*Work instructions:*
With pictures omitted, the line containing "秒速升溫 居浴防水兩用-亮白NJF-X6020h 曬單實拍圖" and all later lines of the records below are to be restated word for word.
+++++
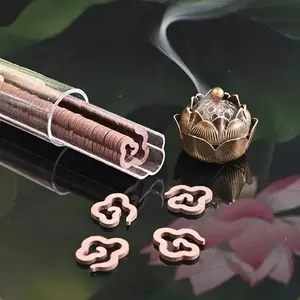 42Pcs Handmade Sandalwood and 1 incense burner Set, Long-Lasting Plant-Based Fragrance in Sandalwood and Agarwood, Scented Home Fragrance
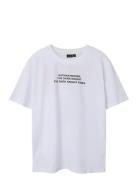 Nlmdux Batman L Ss Top Wab Tops T-shirts Short-sleeved White LMTD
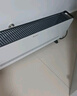 格力（GREE）取暖器家用踢腳線電暖器浴室防水移動地暖客廳臥室防燙電暖氣片干衣加熱暖風(fēng)機居浴兩用電熱暖器 秒速升溫 居浴防水兩用-亮白NJF-X6020h 曬單實拍圖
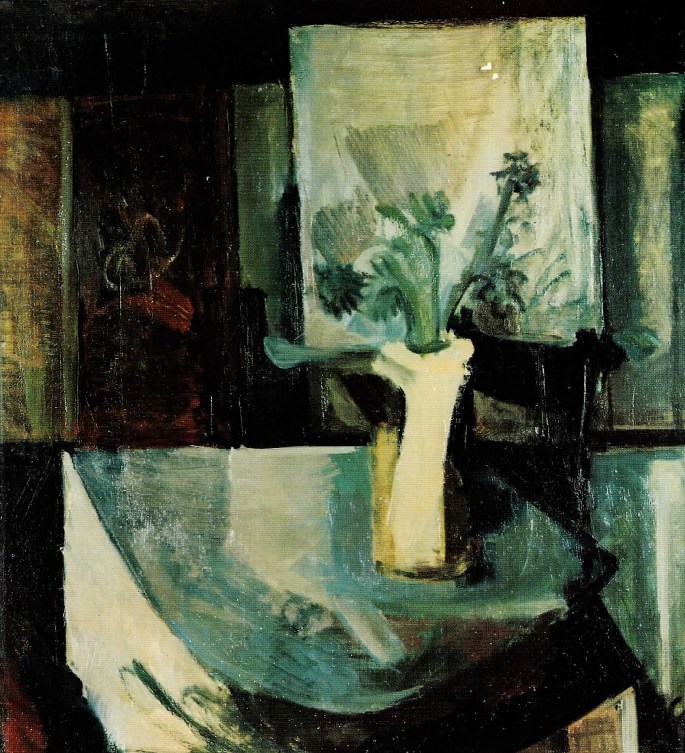 32 Cemalettin Çoğulu, Natürmort, 69x77 cm, Tuval Üzerine Yağlıboya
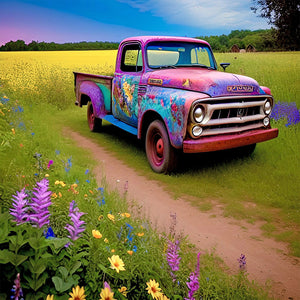 Truck-Full Round Diamond Painting-30x30cm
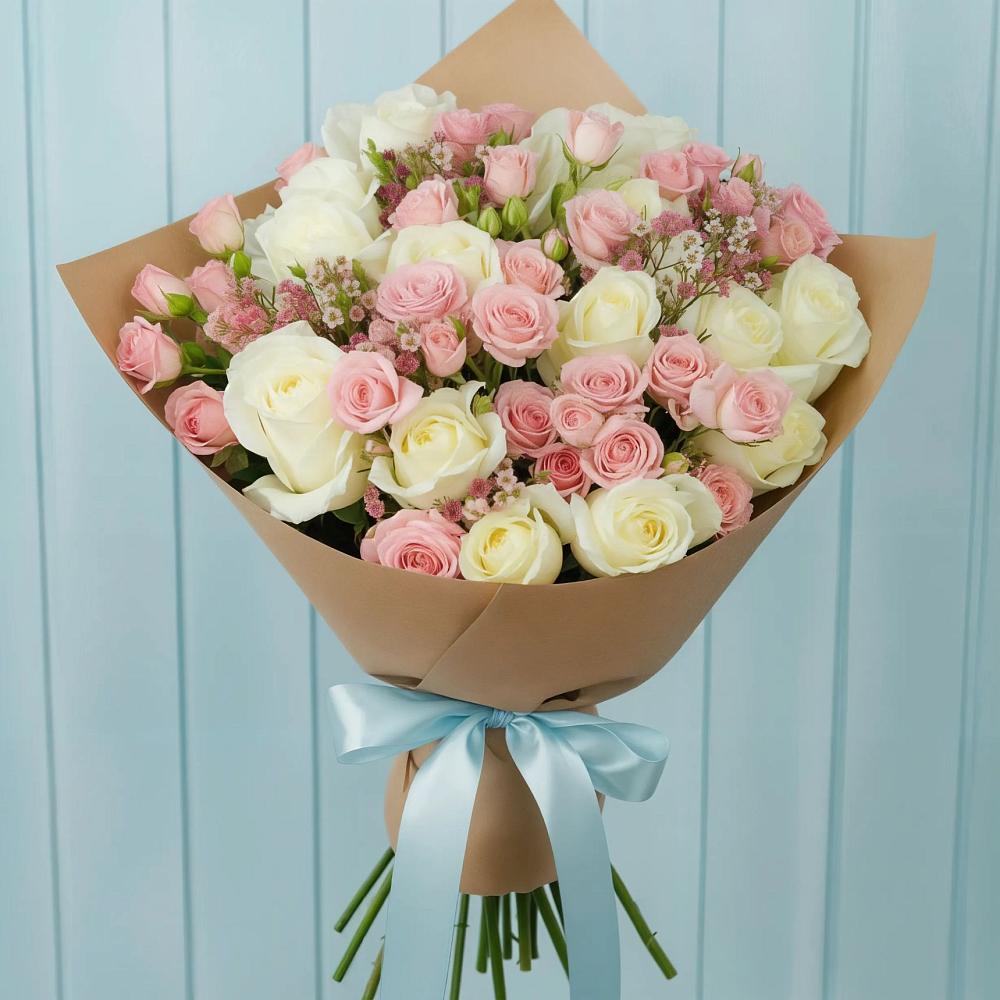 Букет цветов из: Розы в Рябово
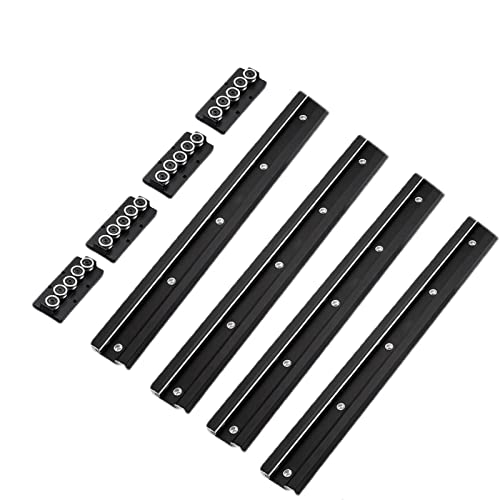Mssoomm Inner Double Axis Roller Ball Bearing Linear Motion Guide Rail Track SGR10 4PCS L: 2100mm/82.68 inch + 4PCS SGB10-5UU Five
+++++
*Written answer:*
 格力（GREE）取暖器家用踢腳線電暖器浴室防水移動地暖客廳臥室防燙電暖氣片干衣加熱暖風(fēng)機居浴兩用電熱暖器 秒速升溫 居浴防水兩用-亮白NJF-X6020h 曬單實拍圖
 32 Cemalettin Çoğulu, Natürmort, 69x77 cm, Tuval Üzerine Yağlıboya
 Truck-Full Round Diamond Painting-30x30cm
 Букет цветов из: Розы в Рябово
Mssoomm Inner Double Axis Roller Ball Bearing Linear Motion Guide Rail Track SGR10 4PCS L: 2100mm/82.68 inch + 4PCS SGB10-5UU Five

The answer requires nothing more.